• _What you should do_: Reproduce all of the records word for word, omitting the pictures.

Stored dataset items:
........

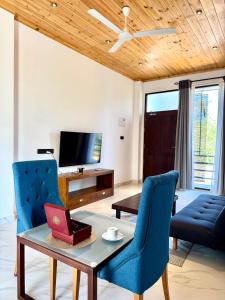 a living room with blue chairs and a table and a tv at Clear Point Studio in Dickwella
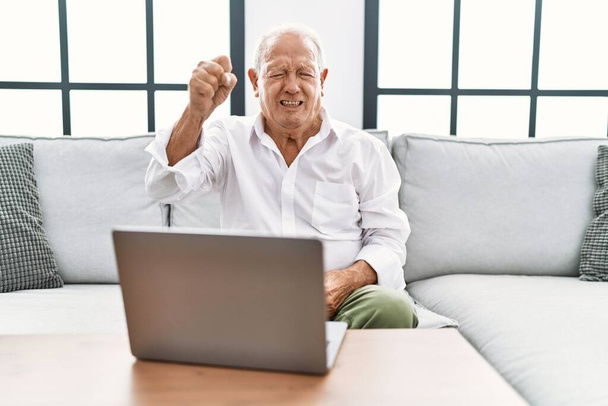 Senior man using laptop at home sitting on the sofa angry and mad raising fist frustrated and furious while shouting with anger. rage and aggressive concept.  - Foto, immagini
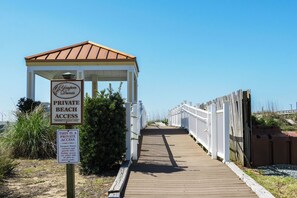 A private beach access path with a wooden walkway, white fence, and a gazebo. - Greyt Escape: Lovely, Ocean View Condo Across from OKI Pier with Community Pool, (Oak Island)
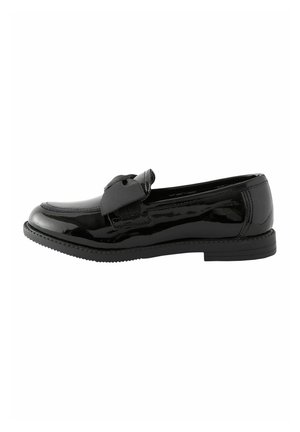 Mocasín de charol negro con puntera redondeada y gran lazo de tela encima, suela plana de goma, vista lateral.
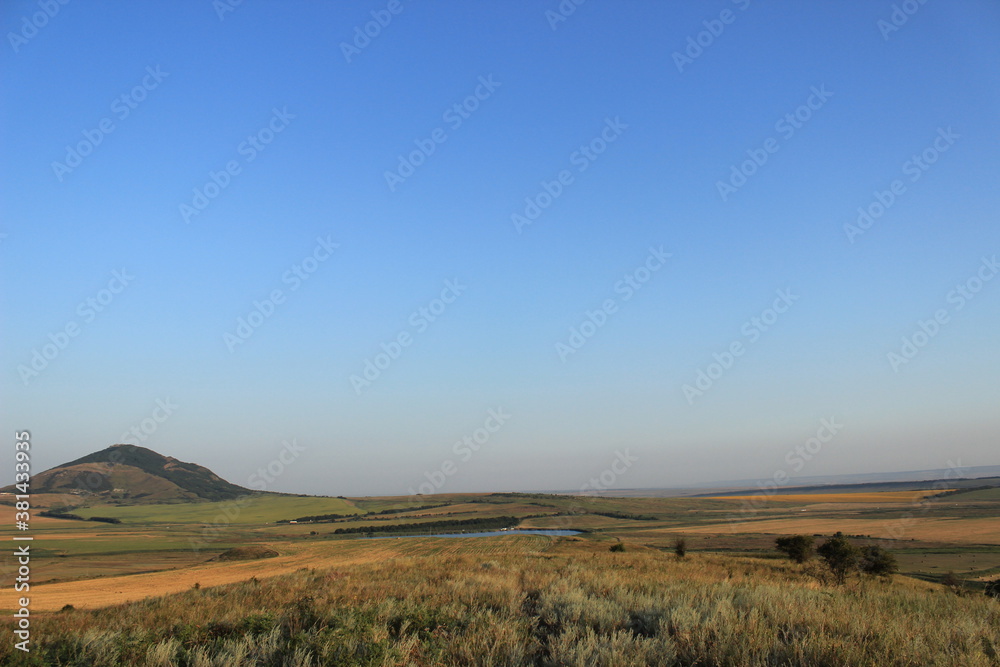 Summer natural landscape with mountains in the background. Summer natural landscape with mountains in the background.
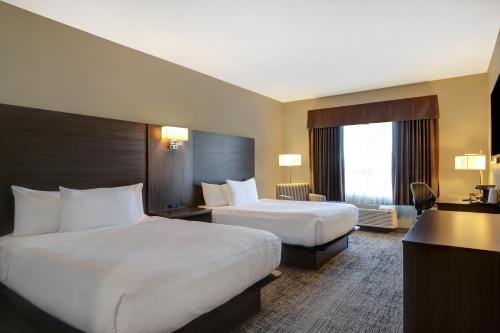 a hotel room with two beds and a desk at Days Inn & Suites by Wyndham Warman in Warman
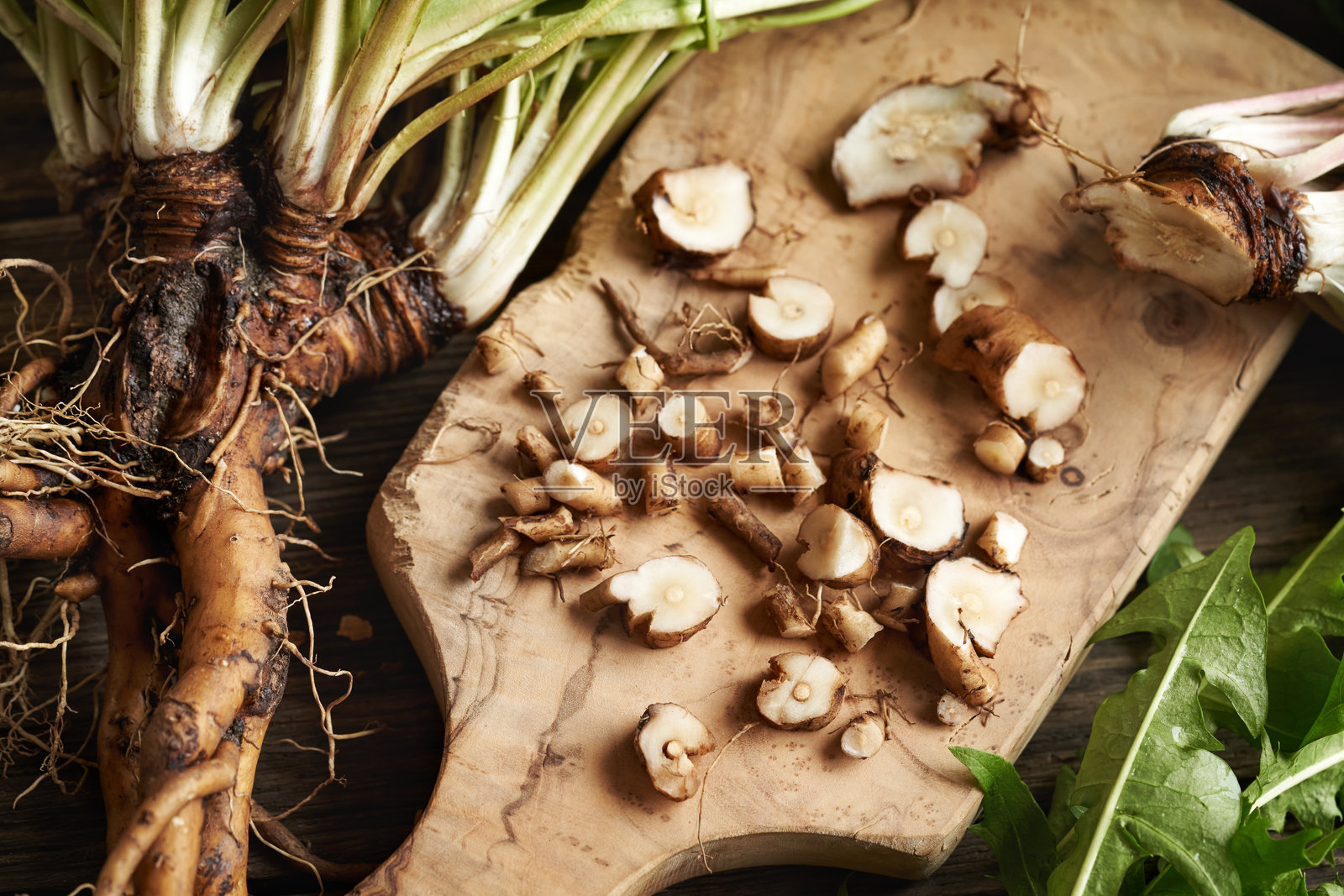 切碎新鲜的蒲公英根 - 草药酊剂的准备照片摄影图片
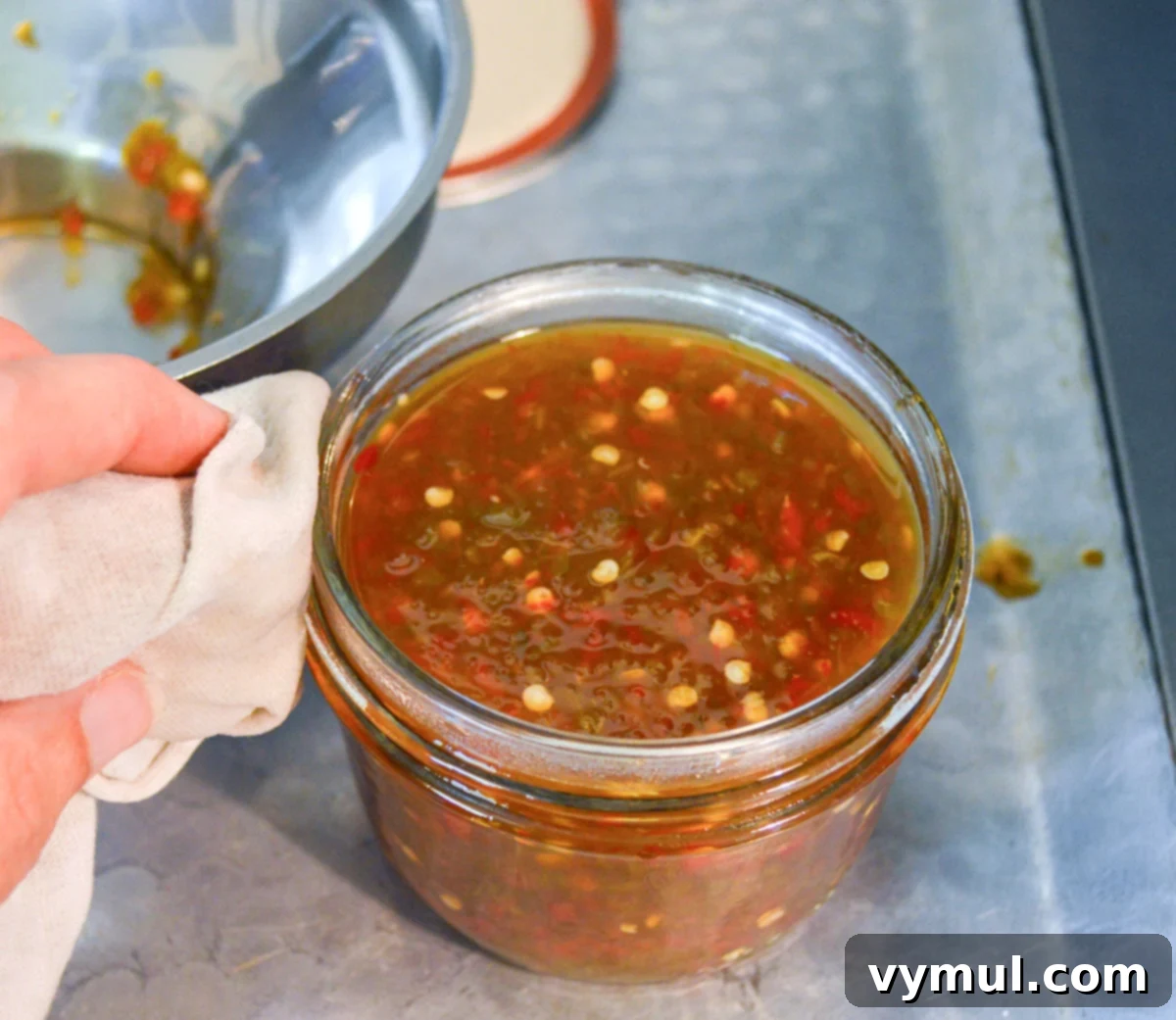 wiping rim of canning jar full of pepper jelly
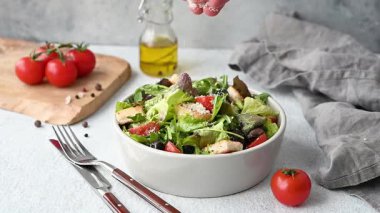 El yapımı parmesan peynirli vejetaryen salata, marul, domates, kızarmış ekmek, arka planda hafif bir kapta zeytin taze sebze, yağ ve çatal bıçakla birlikte. Sağlıklı beslenme konsepti. 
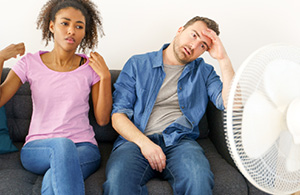 Couple on couch with broken air conditioner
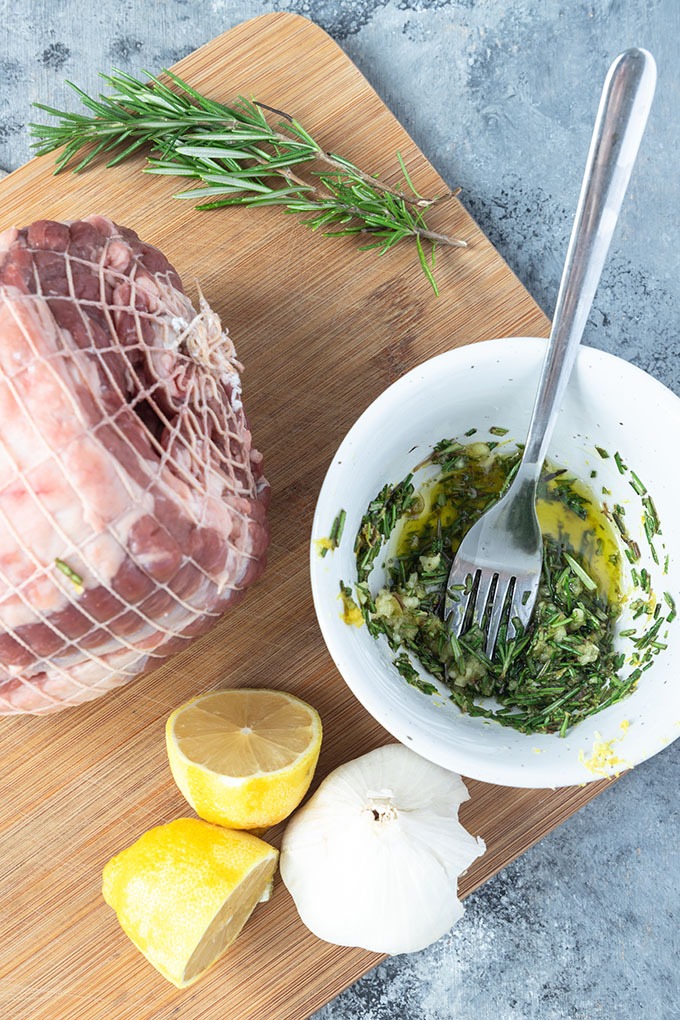 boneless lamb roast ingredients on board - lamb, lemon, garlic, rosemary and olive oil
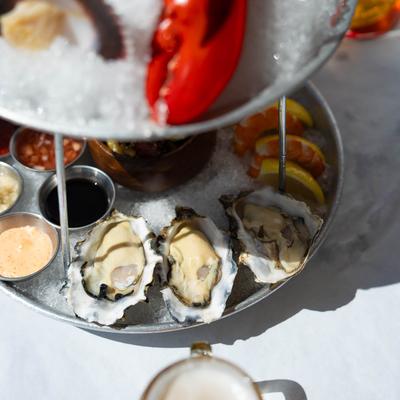 Seafood tower, tier with oysters.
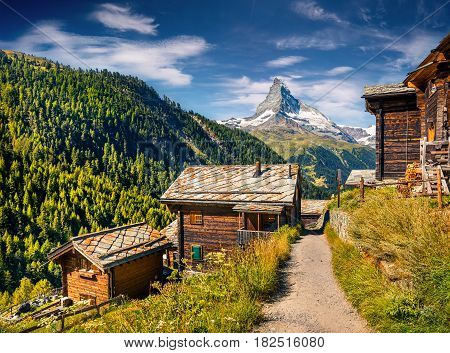 Sunny summer morning in Zermatt village with Matterhorn (Monte Cervino Mont Cervin) peak on backgroud. Beautiful outdoor scene in Swiss Alps Valais canton Switzerland Europe.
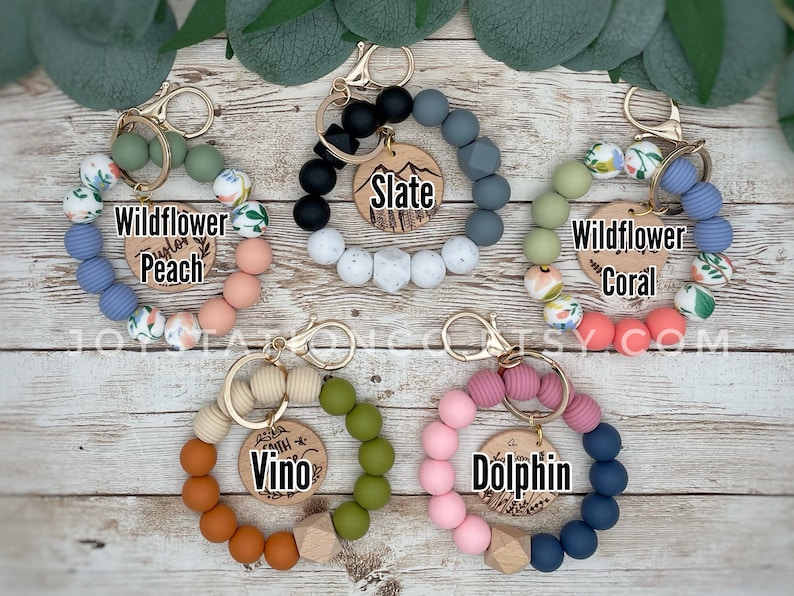 May include: Assortment of colorful silicone beaded keychains with wooden charms. Each keychain features a different color combination and a personalized wooden charm with a name or word. The charms include "Wildflower Peach", "Wildflower Coral", "Slate", "Vino", and "Dolphin".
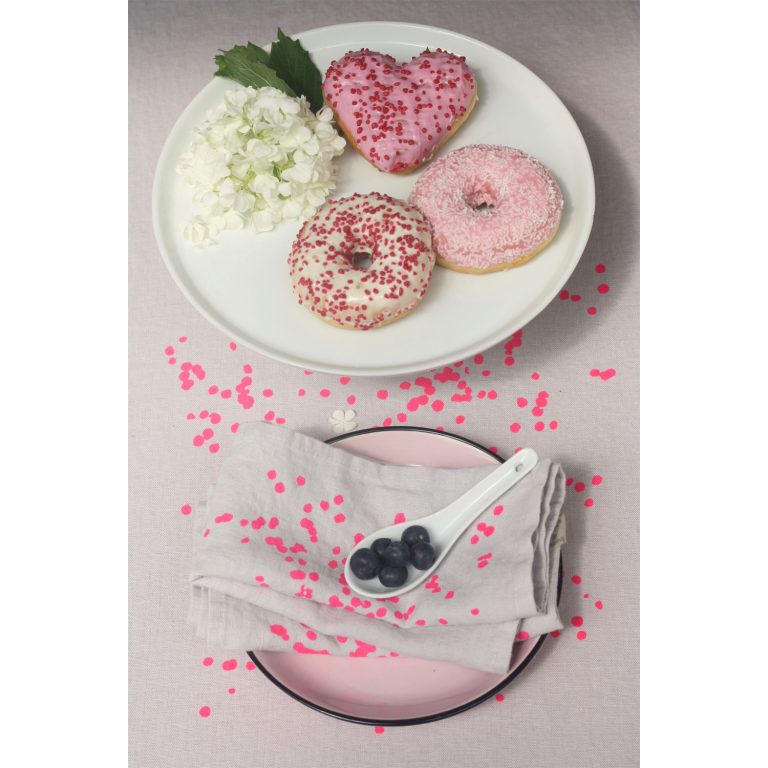 Frohstoff Servietten aus Leinen und Tischläufer aus Leinen mit Blütenblätter motiv in pink. Die Servietten sind auf einem Teller zusammengelegt darauf befindet sich ein weißer Porzellan Löffel mit Beeren. Auf der oberen Seite des Bildes steht ein Teller mit Donuts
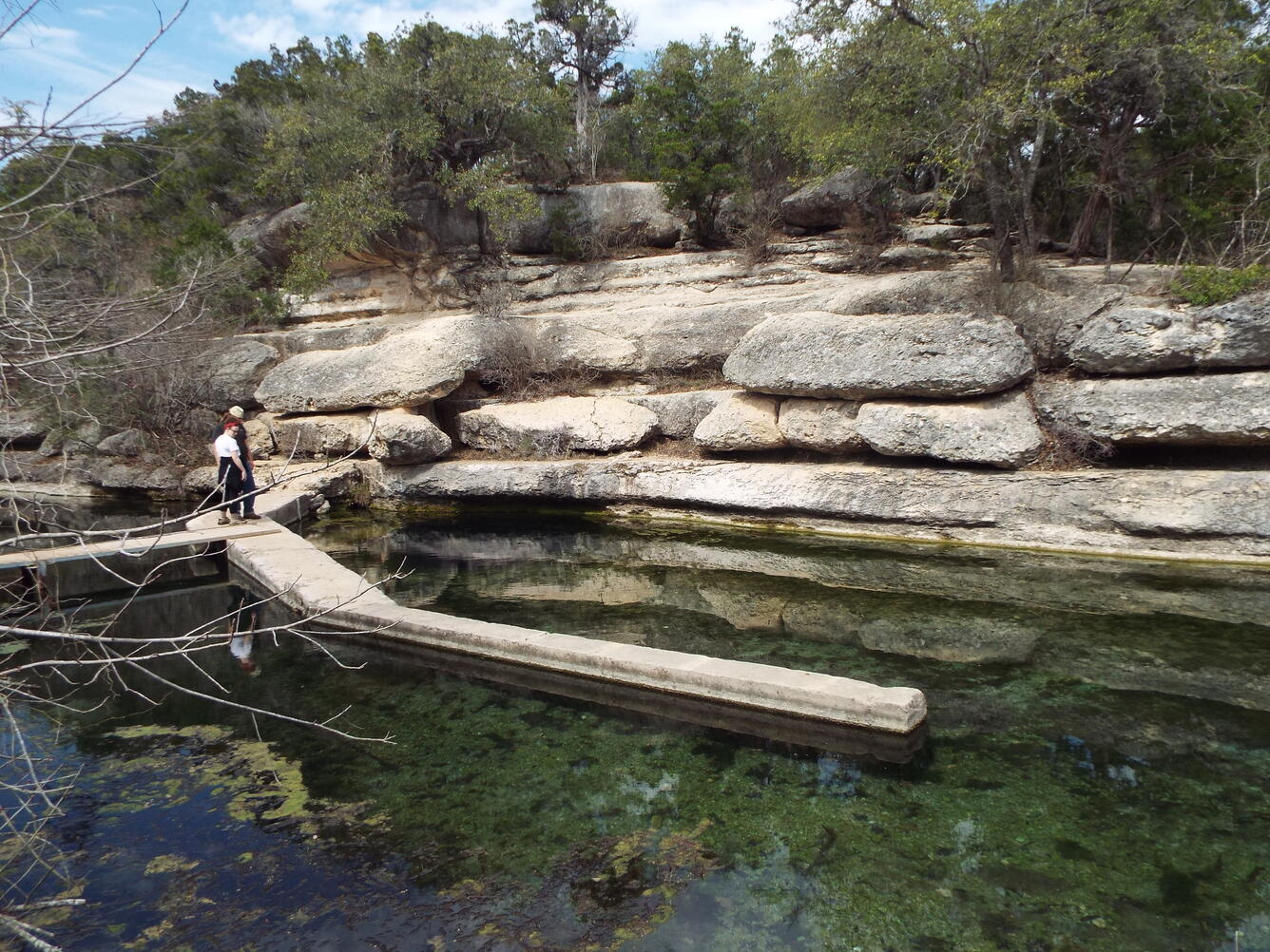 Two scientists stand on a path over Jacob's Well, near Wimberley, Texas.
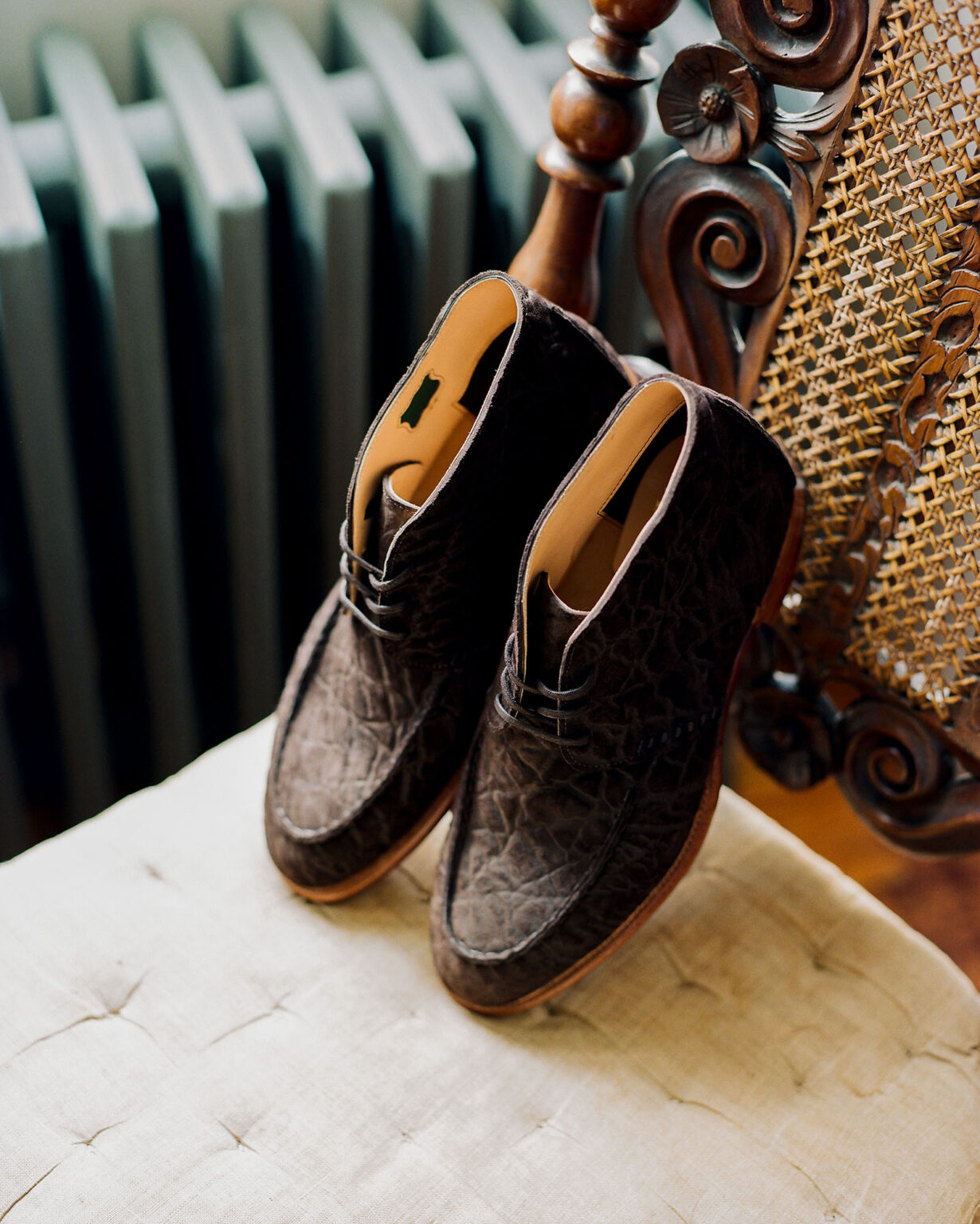 A pair of E.Woodford Edgware Ankle Boots in Bitter Chocolate CF Stead Janus Calf leather sitting on a vintage chair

........

• _Response to this exercise_:
 a living room with blue chairs and a table and a tv at Clear Point Studio in Dickwella
 Senior man using laptop at home sitting on the sofa angry and mad raising fist frustrated and furious while shouting with anger. rage and aggressive concept.  - Foto, immagini
 A private beach access path with a wooden walkway, white fence, and a gazebo. - Greyt Escape: Lovely, Ocean View Condo Across from OKI Pier with Community Pool, (Oak Island)
 Mocasín de charol negro con puntera redondeada y gran lazo de tela encima, suela plana de goma, vista lateral.
 Summer natural landscape with mountains in the background. Summer natural landscape with mountains in the background.
 a hotel room with two beds and a desk at Days Inn & Suites by Wyndham Warman in Warman
 切碎新鲜的蒲公英根 - 草药酊剂的准备照片摄影图片
 wiping rim of canning jar full of pepper jelly
 El yapımı parmesan peynirli vejetaryen salata, marul, domates, kızarmış ekmek, arka planda hafif bir kapta zeytin taze sebze, yağ ve çatal bıçakla birlikte. Sağlıklı beslenme konsepti. 
 Couple on couch with broken air conditioner
 boneless lamb roast ingredients on board - lamb, lemon, garlic, rosemary and olive oil
 Seafood tower, tier with oysters.
 Sunny summer morning in Zermatt village with Matterhorn (Monte Cervino Mont Cervin) peak on backgroud. Beautiful outdoor scene in Swiss Alps Valais canton Switzerland Europe.
 May include: Assortment of colorful silicone beaded keychains with wooden charms. Each keychain features a different color combination and a personalized wooden charm with a name or word. The charms include "Wildflower Peach", "Wildflower Coral", "Slate", "Vino", and "Dolphin".
 Frohstoff Servietten aus Leinen und Tischläufer aus Leinen mit Blütenblätter motiv in pink. Die Servietten sind auf einem Teller zusammengelegt darauf befindet sich ein weißer Porzellan Löffel mit Beeren. Auf der oberen Seite des Bildes steht ein Teller mit Donuts
 Two scientists stand on a path over Jacob's Well, near Wimberley, Texas.
 A pair of E.Woodford Edgware Ankle Boots in Bitter Chocolate CF Stead Janus Calf leather sitting on a vintage chair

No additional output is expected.